Summary -How to make a change in your life, or away from an abusive partner? It starts with knowing your "Escape." This applies to anything a person is unhappy about and would like to change but does not.

In part one, we talked about how, in the case of continued abuse, what changes need to take place in order for the relationship to continue or it needs to be severed. I mentioned the conditions to forgiveness, but they are not always easy to do for people, especially the category in my book called “Blind support.”

Your "Escape" keeps you accepting abuse

Part of identifying continued abuse (or inconsiderate behavior) against you is identifying your “Escape.” Escapes play a very negative role in many people’s lives by not allowing them to create change.

Escapes are anything you do that gets in the way of your felt experience. That means is you are feeling bad, and are afraid to change, you will do something to distract yourself (or escape) from feeling that way. It is a way of diverting yourself from something unpleasant, that you feel cannot be changed.

Escapes often happen in the subconscious, you do them so automatically, often you don’t realize it. An escape could be anything. Typical escapes are drinking, drugs, smoking, gambling, watching TV, or video games. But they also are anything a person does excessively to alleviate the turmoil in their mind, such as gossiping, cleaning, reading, working too much, or anything done excessively.

Escapes prevent you from following through on taking action towards change. So if you have accepted continuous abuse, in your current relationship or from one relationship to the next, you can bet there are many escapes in place.

Know that if you are unhappy and you are not doing anything towards change, then escapes are prominent in your life, you just have to find them.

Now if you know you need to make a change but you feel you are not ready to do that yet, then try to choose your escape to be something healthy. This could be meditating or working out, taking a dance class, or anything that will benefit you in some way. – I often recommended this for people with anxiety as well.
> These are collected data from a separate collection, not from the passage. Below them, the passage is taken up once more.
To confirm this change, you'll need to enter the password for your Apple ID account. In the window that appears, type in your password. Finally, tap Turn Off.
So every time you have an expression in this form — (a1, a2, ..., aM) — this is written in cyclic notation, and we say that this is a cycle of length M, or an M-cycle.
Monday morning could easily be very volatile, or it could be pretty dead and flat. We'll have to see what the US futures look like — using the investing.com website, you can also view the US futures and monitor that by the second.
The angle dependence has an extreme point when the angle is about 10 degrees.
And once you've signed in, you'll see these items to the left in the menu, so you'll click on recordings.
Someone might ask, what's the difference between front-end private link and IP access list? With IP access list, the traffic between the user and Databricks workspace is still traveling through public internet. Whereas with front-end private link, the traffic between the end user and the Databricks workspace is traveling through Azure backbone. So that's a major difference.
It’s a kind of “in the mean time” activity, keeping them away from doing something unhealthy while we work towards change.

The first step to do this though is to identify what your escape is, so that you can replace it. Identifying it also gives you an awareness that you are avoiding something that you would otherwise change.
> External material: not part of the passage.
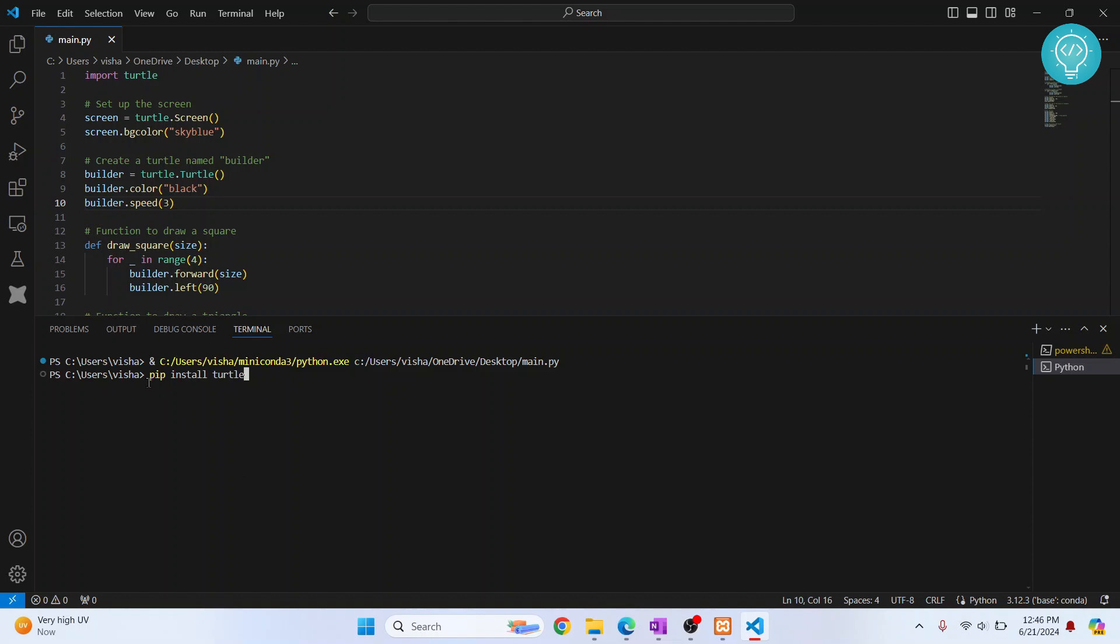If you get an error that says pip is not found, this is because pip is either not installed for your system or it is not added to the environment variable. If you have that issue, check the link in the description below. It will show you how to set up and install pip.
Associated with your escape is your negative self-fulfilling prophecy. This is an insecurity that tells a person that they “can’t have anything better, so don’t bother changing anything.”This is something else that needs to change in order to motivate change in your life.

The process is as follows:

Inconsiderate behavior happens – The abusee automatically moves to escape because they feel they can’t have anything better, so instead of feeling bad about it, they create a distraction. This creates a cycle of acceptance of more and more abuse until resentment builds to the point of an explosion. After that they are either motivated to change or feel bad thye reacted so badly and go back for more abuse because of the negative self-fulfilling prophecy kicked in.

What we want to do is cut off the Escape right after the abuse happens and think about why you choose to accept that and how that can be stopped. Having awareness of why you accept it will point out a lot of things that will help you to create the change.

This could take some time. Don’t be judgmental about your process. Just don’t escape anymore in the way that you have been.

Modeling someone who has made great change in their life could be helpful to you.But once you know your escape, you can begin to stop distracting yourself with that and ask for the change you want from your partner or create something different in your life.

My book discusses more on how escapes are started, why people have them, and how to make a change by moving past them to before they become stronger.

Part 1 of abuse and forgiveness and more on this can be found by clicking here or the tab above called "Relationships-101"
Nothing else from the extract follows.